What is needed - Once the line containing "Ein Rastplatz in" appears, output it and each remaining line of the records below exactly, with no pictures and nothing more.

**** Data excerpts

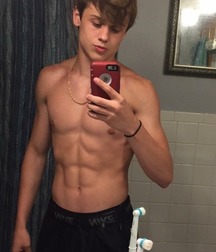 shirtless wonders 5c78888153e14.jpg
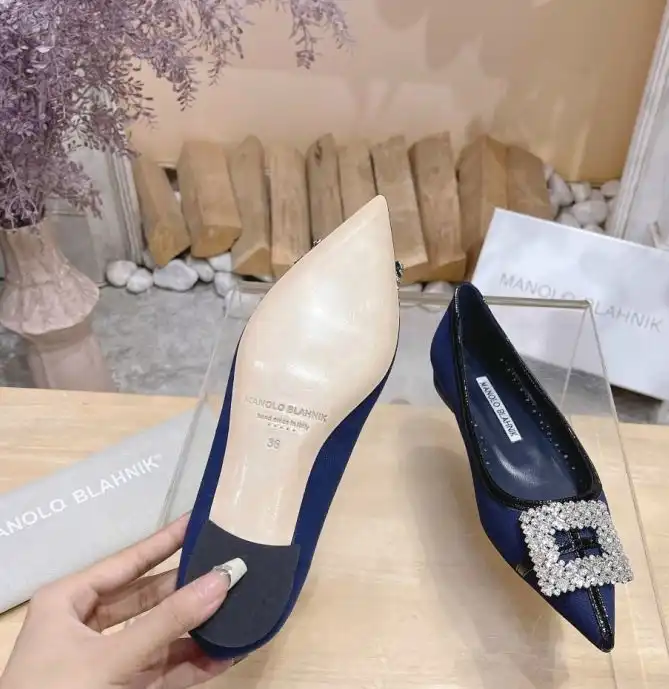 hype Manolo Blahnik flat shoes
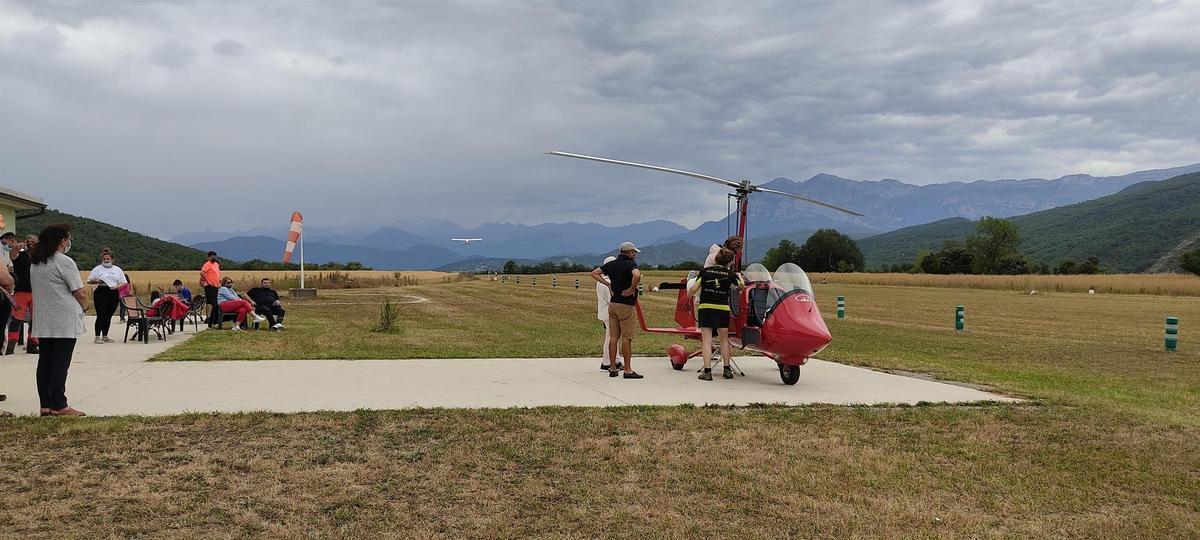 El aeródromo de Aínsa celebra su apertura al tráfico internacional con una jornada de puertas abiertas.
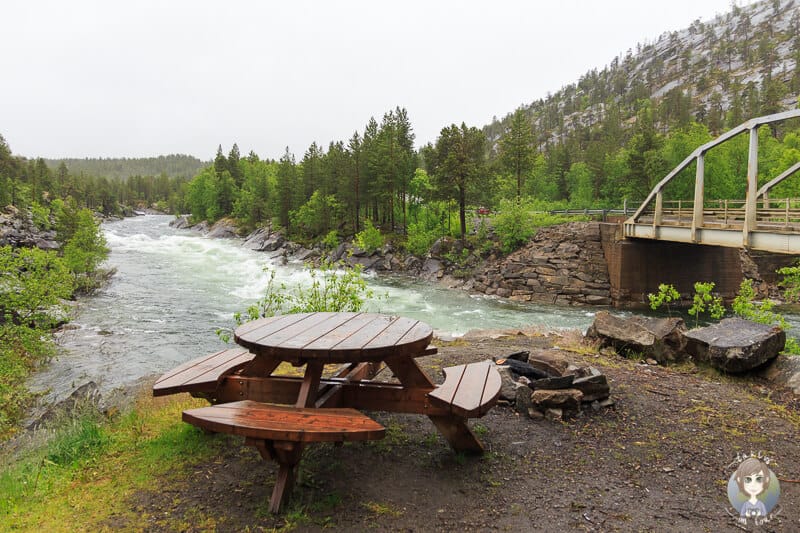 Ein Rastplatz in Nordland ein schoener Platz zum Wildcampen in Norwegen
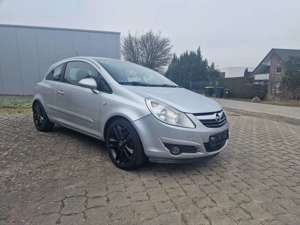 Opel Corsa Corsa 1.4i Sport 90PS LPG Steuerkette+Service Neu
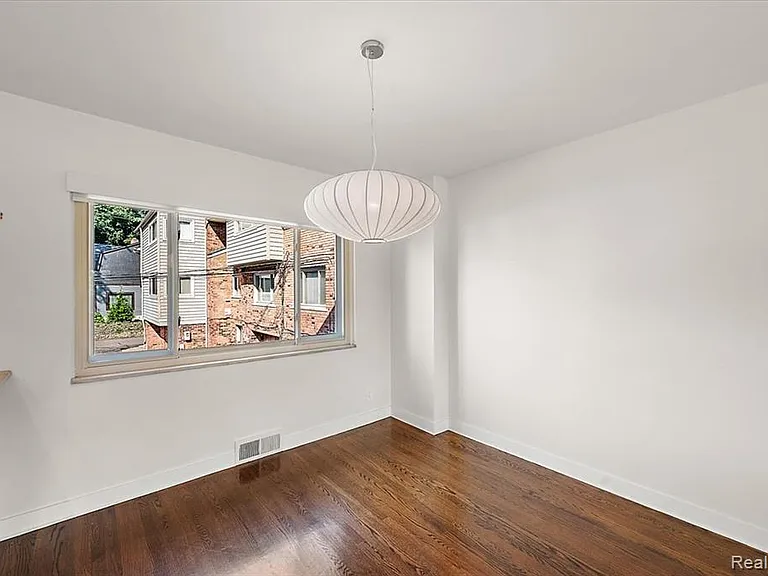 975 N Old Woodward Ave — Photo 12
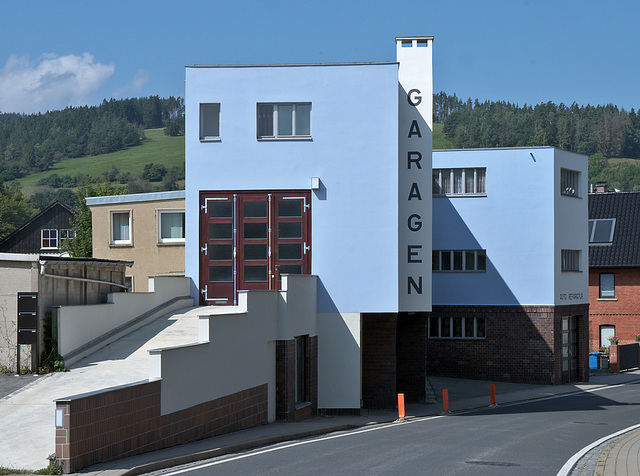 Bauhaus Hotel Probstzella, the garages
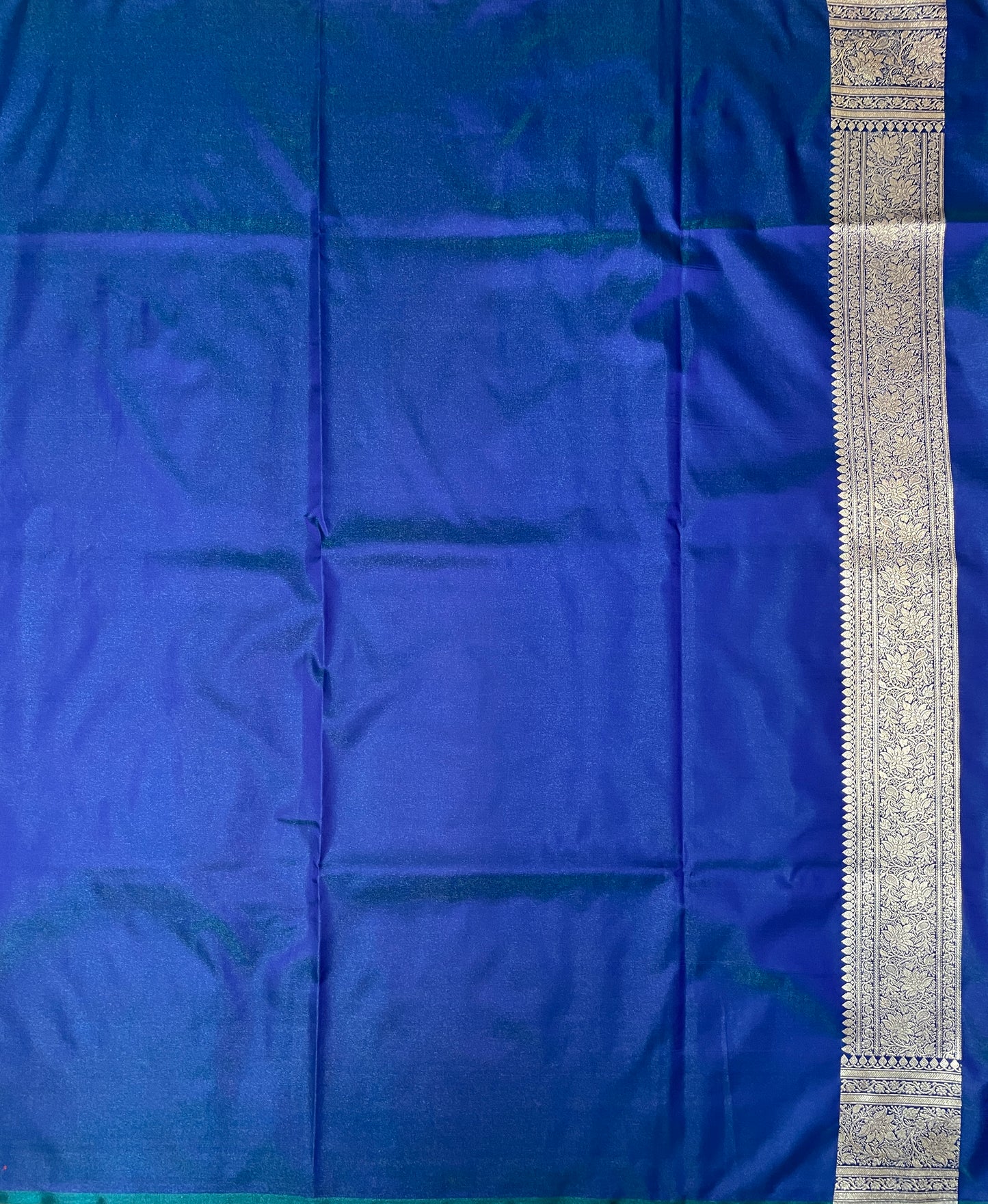 Dark Blue Katan Banarasi Saree with Gold Zari Floral Weaving And Grand Pallu B0661ds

********

Solution to the exercise -
 Ein Rastplatz in Nordland ein schoener Platz zum Wildcampen in Norwegen
 Opel Corsa Corsa 1.4i Sport 90PS LPG Steuerkette+Service Neu
 975 N Old Woodward Ave — Photo 12
 Bauhaus Hotel Probstzella, the garages
 Dark Blue Katan Banarasi Saree with Gold Zari Floral Weaving And Grand Pallu B0661ds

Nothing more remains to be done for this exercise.